On the Benefits of Large Learning Rates for Kernel Methods
Gaspard Beugnot, Julien Mairal, Alessandro Rudi

TL;DR
This paper demonstrates that large learning rates in kernel methods can improve generalization, especially with early stopping, by influencing spectral properties of the solution, extending insights from deep learning to kernel ridge regression.
Contribution
It provides a theoretical analysis of how large learning rates affect kernel methods, revealing their benefits for generalization and spectral properties of solutions.
Findings
Large learning rates can enhance generalization in kernel methods.
Early stopping interacts with learning rate to influence spectral decomposition.

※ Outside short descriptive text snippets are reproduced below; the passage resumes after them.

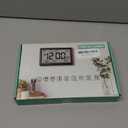 Amgico Digital Wall Clock,10.5" Large Display Atomic Clock,Battery Operated,Digital Calendar Auto Setting with Indoor Temperature,Humidity,Date,Day,Auto DST for Elderly Bedroom Classroom,No Backlight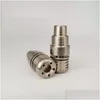 Smoking Pipes Accessories 5 Hole Domeless Convertible Titanium Nail 18Mm 14Mm Adjustable Male Drop Delivery Home Garden Household Sun Dh3Bh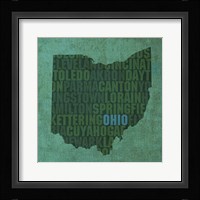 Ohio State Words Framed Print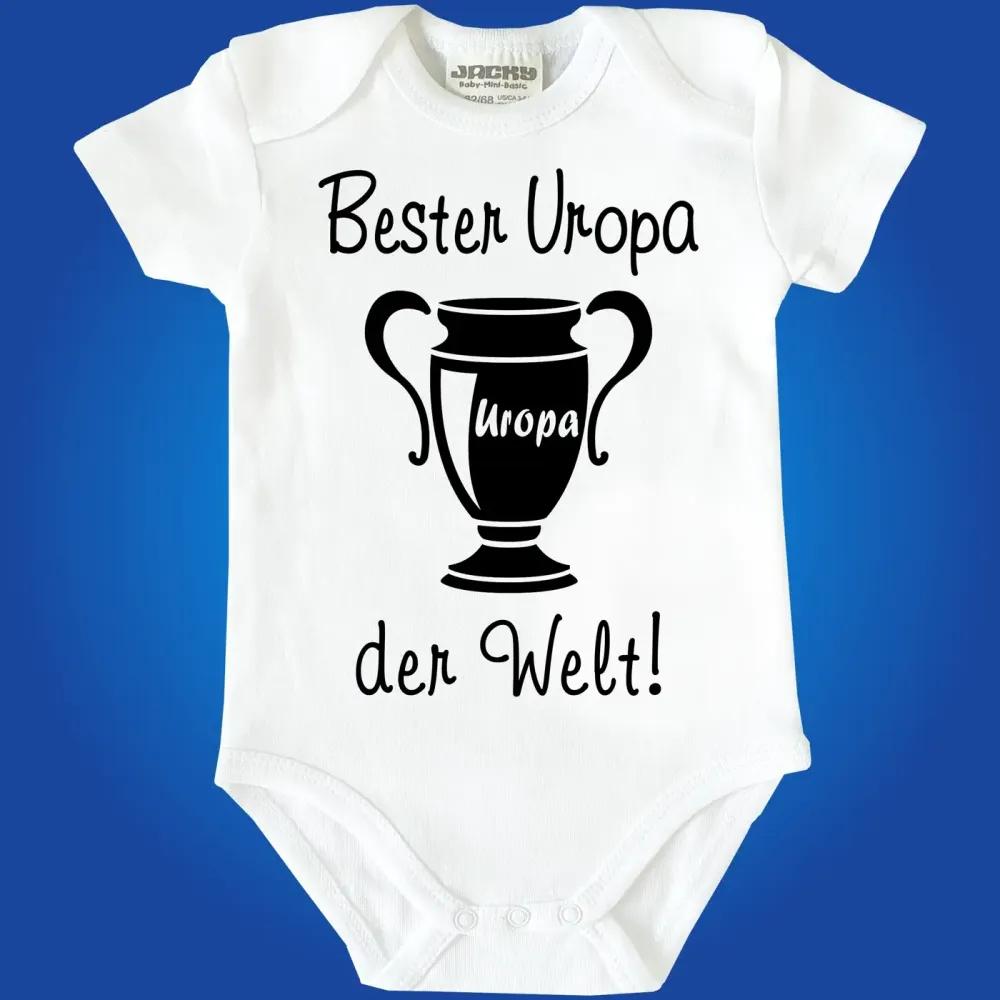 Preview: Baby-Body mit Aufdruck bester Uropa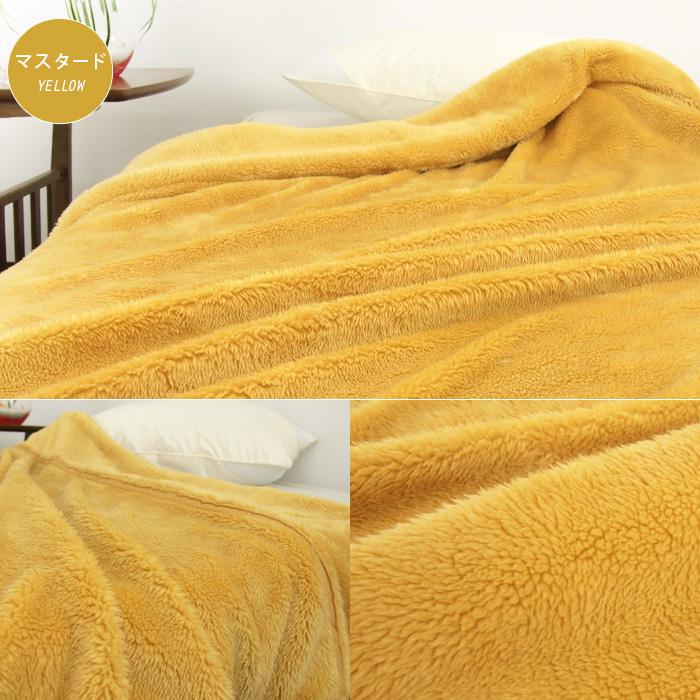 毛布　ブランケット セミダブル　ブラウン　160×200cm ⭐️新品未使用品⭐️ 吸湿発熱 毛布 (セミダブル サイズ) ブランケット 大判 抗菌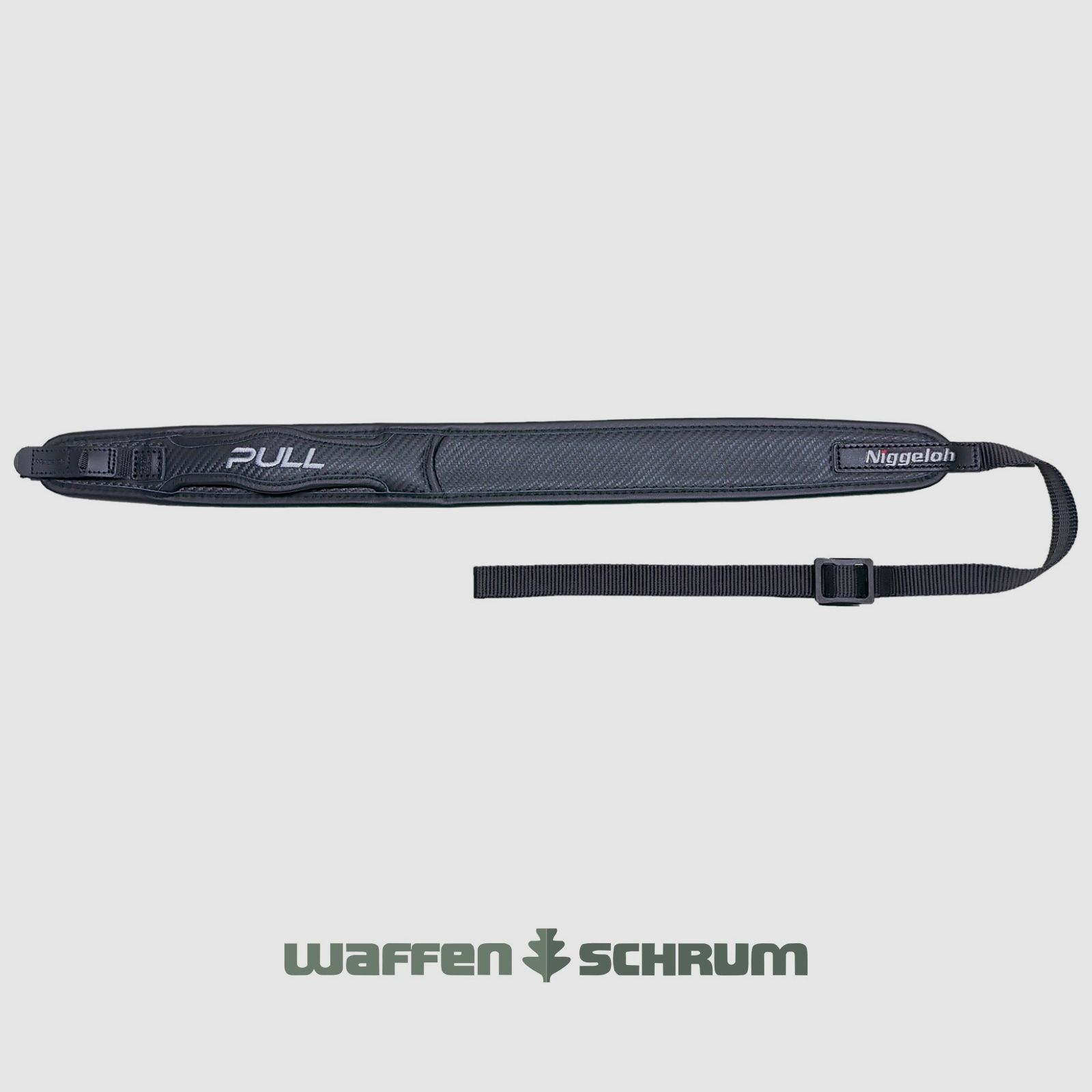 Niggeloh Gewehrriemen PULL Leder / Carbon mit Schnellverschluss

The phenomenon applies to both regression and classification tasks without distribution mismatch.
Abstract
This paper studies an intriguing phenomenon related to the good generalization performance of estimators obtained by using large learning rates within gradient descent algorithms. First observed in the deep learning literature, we show that a phenomenon can be precisely characterized in the context of kernel methods, even though the resulting optimization problem is convex. Specifically, we consider the minimization of a quadratic objective in a separable Hilbert space, and show that with early stopping, the choice of learning rate influences the spectral decomposition of the obtained solution on the Hessian's eigenvectors. This extends an intuition described by Nakkiran (2020) on a two-dimensional toy problem to realistic learning scenarios such as kernel ridge regression. While large learning rates may be proven beneficial as soon as there is a mismatch between the train and test…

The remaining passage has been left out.